Danceability (1.6579): - Log-odds interpretation: For every unit increase in danceability, the log-odds of a song being a “Top Hit” increase by 1.6579, holding other variables constant. - Odds ratio interpretation: The odds of being a “Top Hit” increase by e^1.6579 ≈5.25 or a 425% increase in the odds for every unit increase in danceability.
Energy (−1.2544): - Log-odds interpretation: For every unit increase in energy, the log-odds of a song being a “Top Hit” decrease by 1.2544, holding other variables constant. Odds ratio interpretation: The odds of being a “Top Hit” decrease by𝑒^−1.2544 ≈ 0.285, or a 71.5% decrease in the odds for every unit increase in energy.
Significance of Predictors:
Both danceability (𝑝< 2𝑒^−16) and energy (p<2e^−16) are highly significant predictors of “Top Hit” status.
Danceability: - Odds Ratio: 5.25, meaning a 425% increase in the odds of being a “Top Hit” with a one-unit increase in danceability. - Confidence Interval: [3.939, 7.008]. This interval does not include 1, confirming the predictor’s significance.
Energy: Odds Ratio: 0.285, meaning a 71.5% decrease in the odds of being a “Top Hit” with a one-unit increase in energy. Confidence Interval: [0.230, 0.354]. This interval does not include 1, confirming the predictor’s significance.
Visualization: The plot of odds ratios shows the relative importance of predictors: Danceability has a strong positive impact on the likelihood of a “Top Hit.” Energy has a significant negative impact.

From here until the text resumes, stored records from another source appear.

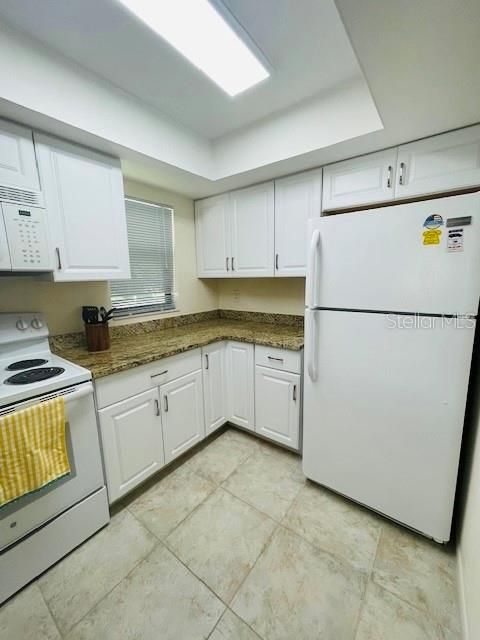 For Rent: $2,250 (1 beds, 1 baths, 825 Square Feet)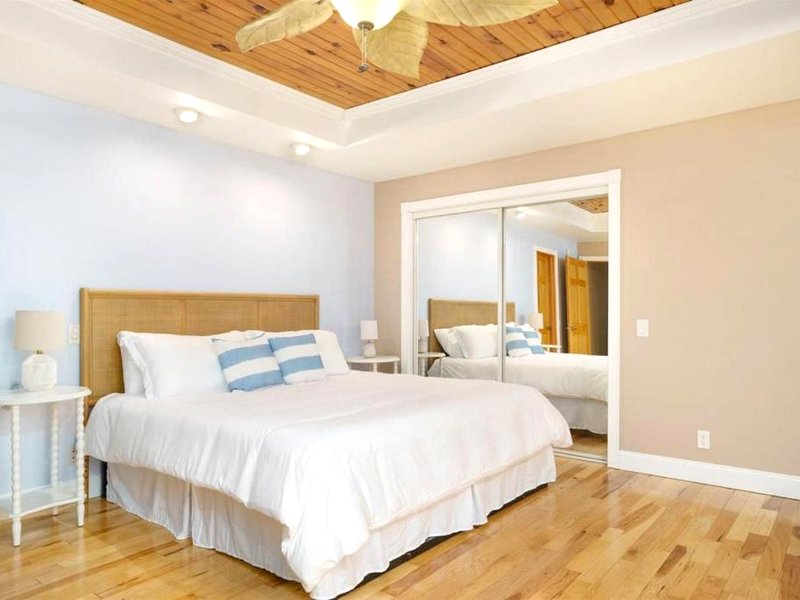 Peaceful Forested 5 Bdrm Near Lake sleeps up to 16の写真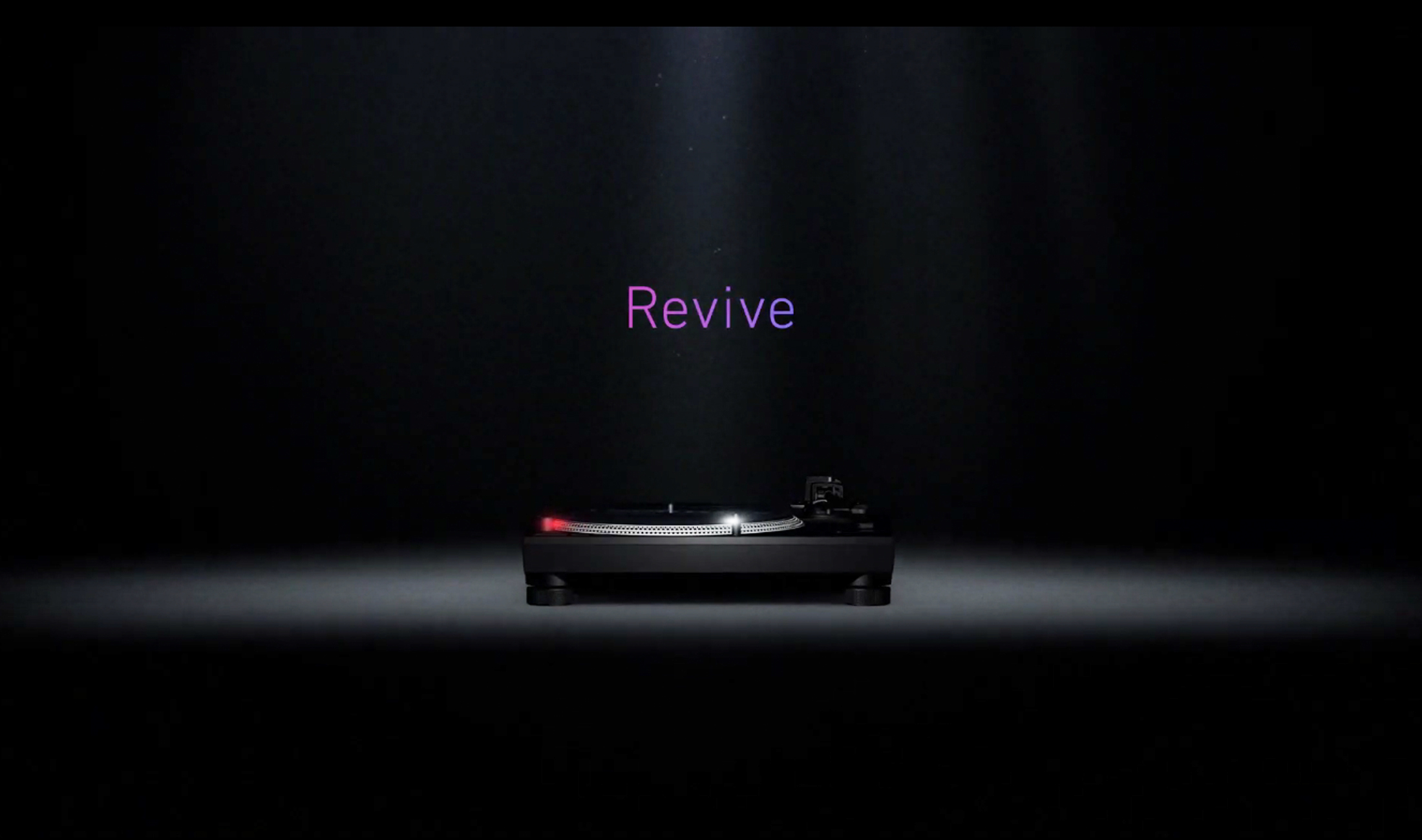 Stellt Technics am 7. Januar den neuen Plattenspieler SL-1200 MK7 vor?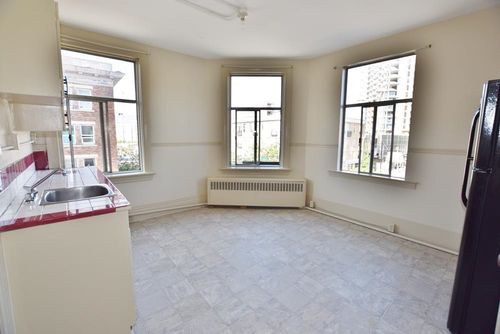 9-2603 Main St, Vancouver, BC, V5T3E7 | Card Image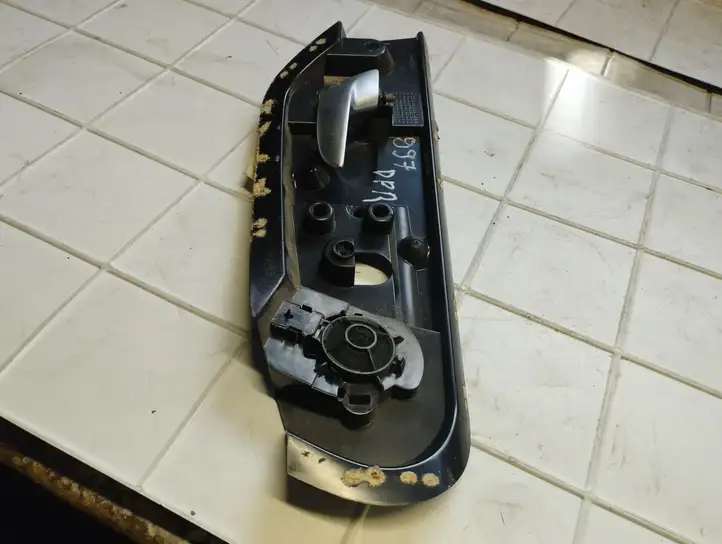 Volvo S60 (2000 - 2004) 8693724 Внутренняя ручка двери — фото 2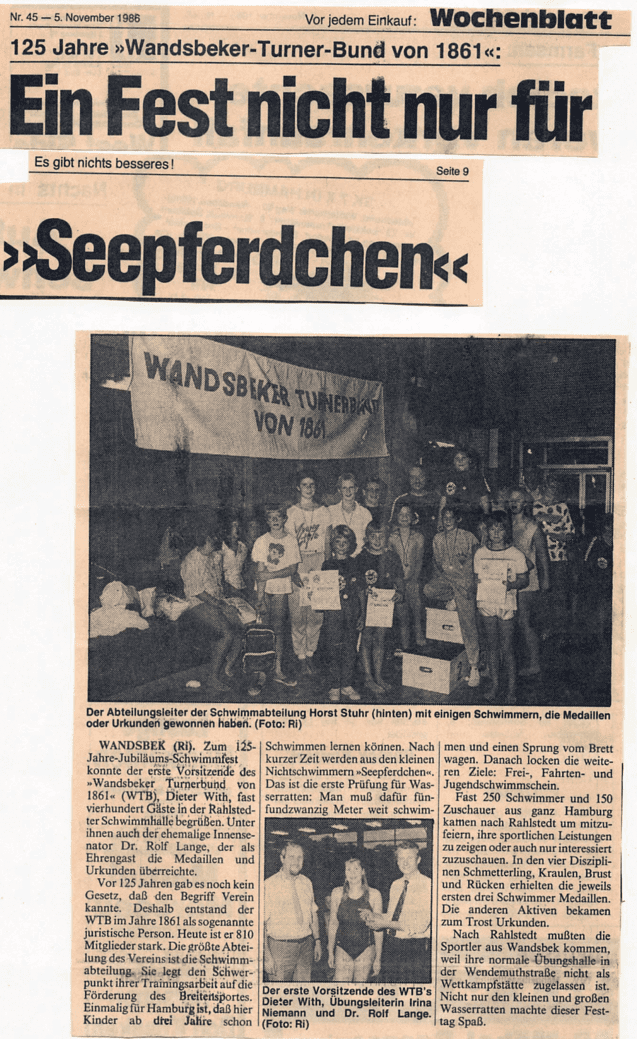 Gruppe von Schwimmern mit Medaillen und Urkunden vor einem Banner des Wandsbecker Turner-Bunds von 1861.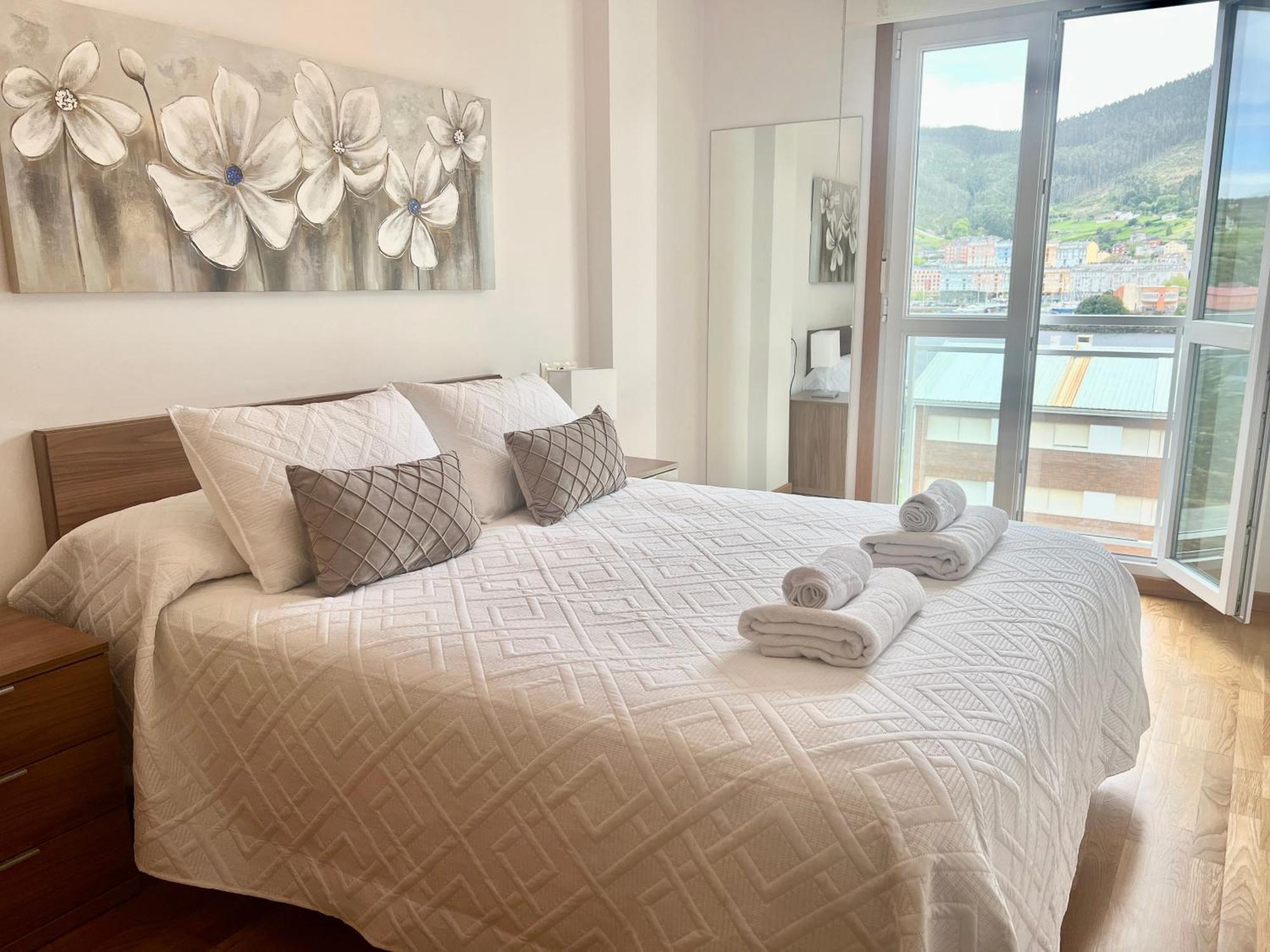 Apartamento Vistas Al Mar Viveiro Buitenkant foto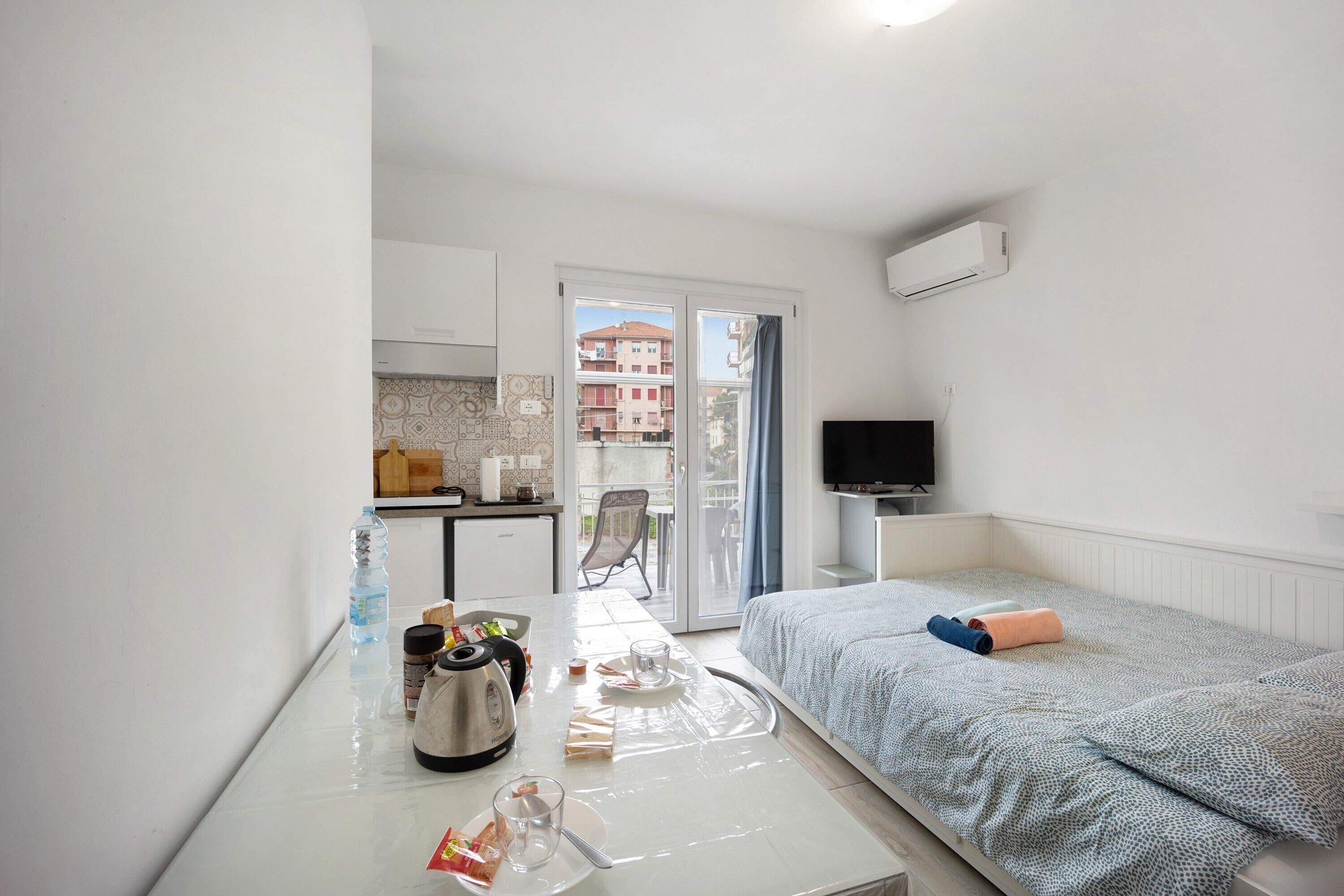 1 dormitorio, tabla de planchar con plancha, wifi gratis y ropa de cama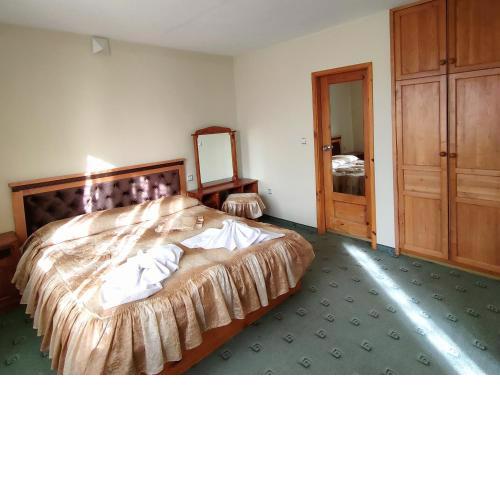 Guest Rooms Grachenovi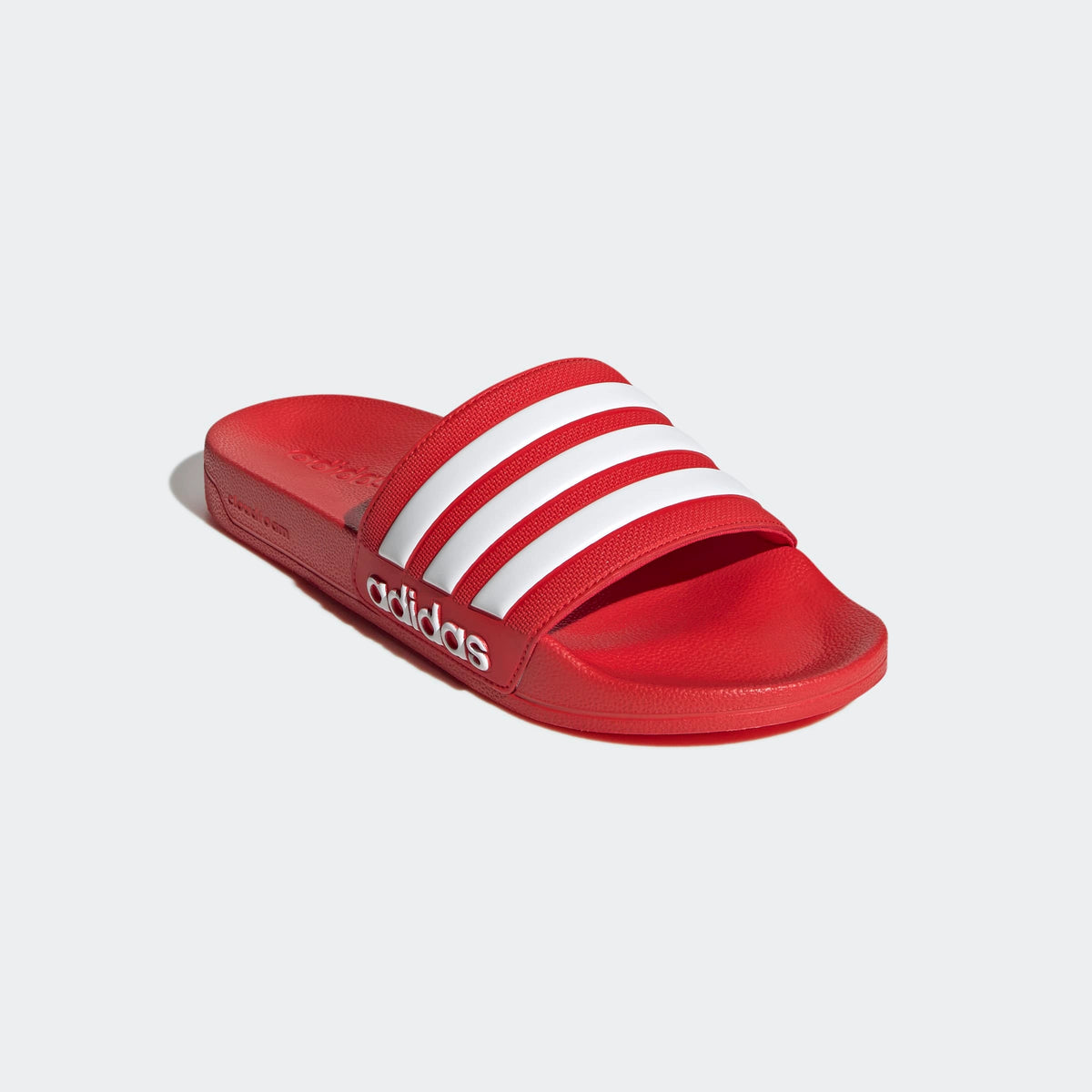 Rot-weiße adidas Adilette Shower Badeschlappen mit 3-Streifen Seitenansicht bei STICKABUSH Berlin.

Danceability: The probability of a song being a “Top Hit” increases steadily with higher danceability. The curve is exponential, as logistic regression outputs probabilities derived from log-odds.
Energy: The probability of a song being a “Top Hit” decreases sharply with higher energy levels. This negative relationship suggests that overly energetic tracks may be less likely to become hits.
Interpretation of Plots: These plots provide a clear visual representation of how each predictor affects the probability of a song achieving “Top Hit” status.
They also show the non-linear nature of logistic regression, where probabilities asymptotically approach 0 or 1 but never exceed these bounds.